### WHAT IS REQUIRED
Count up the lines below that hold "Hilton", then give that count by itself.

• • •

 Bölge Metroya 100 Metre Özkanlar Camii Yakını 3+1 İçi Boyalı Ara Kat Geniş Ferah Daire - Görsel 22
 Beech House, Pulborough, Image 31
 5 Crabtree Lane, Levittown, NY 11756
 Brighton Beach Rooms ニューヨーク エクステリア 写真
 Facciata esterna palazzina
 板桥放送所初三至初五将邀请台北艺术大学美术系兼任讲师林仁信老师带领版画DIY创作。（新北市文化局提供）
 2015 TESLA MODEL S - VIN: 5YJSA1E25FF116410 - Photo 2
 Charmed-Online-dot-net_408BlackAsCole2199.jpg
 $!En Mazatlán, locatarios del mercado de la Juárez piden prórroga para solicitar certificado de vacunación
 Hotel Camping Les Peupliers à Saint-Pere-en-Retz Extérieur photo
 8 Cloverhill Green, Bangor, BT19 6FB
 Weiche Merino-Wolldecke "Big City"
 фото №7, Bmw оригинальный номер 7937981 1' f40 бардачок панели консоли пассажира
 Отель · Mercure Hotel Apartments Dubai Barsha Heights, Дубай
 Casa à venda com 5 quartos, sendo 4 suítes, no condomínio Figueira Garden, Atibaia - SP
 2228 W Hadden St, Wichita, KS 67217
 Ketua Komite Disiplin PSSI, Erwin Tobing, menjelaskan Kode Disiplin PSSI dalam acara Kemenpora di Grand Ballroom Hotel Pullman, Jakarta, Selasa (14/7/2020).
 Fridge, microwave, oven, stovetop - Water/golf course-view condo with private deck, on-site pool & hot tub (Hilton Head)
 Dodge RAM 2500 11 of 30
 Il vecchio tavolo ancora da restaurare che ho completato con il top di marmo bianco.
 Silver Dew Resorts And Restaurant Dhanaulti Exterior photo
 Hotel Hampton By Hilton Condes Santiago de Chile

• • •

### ANSWER BOX
2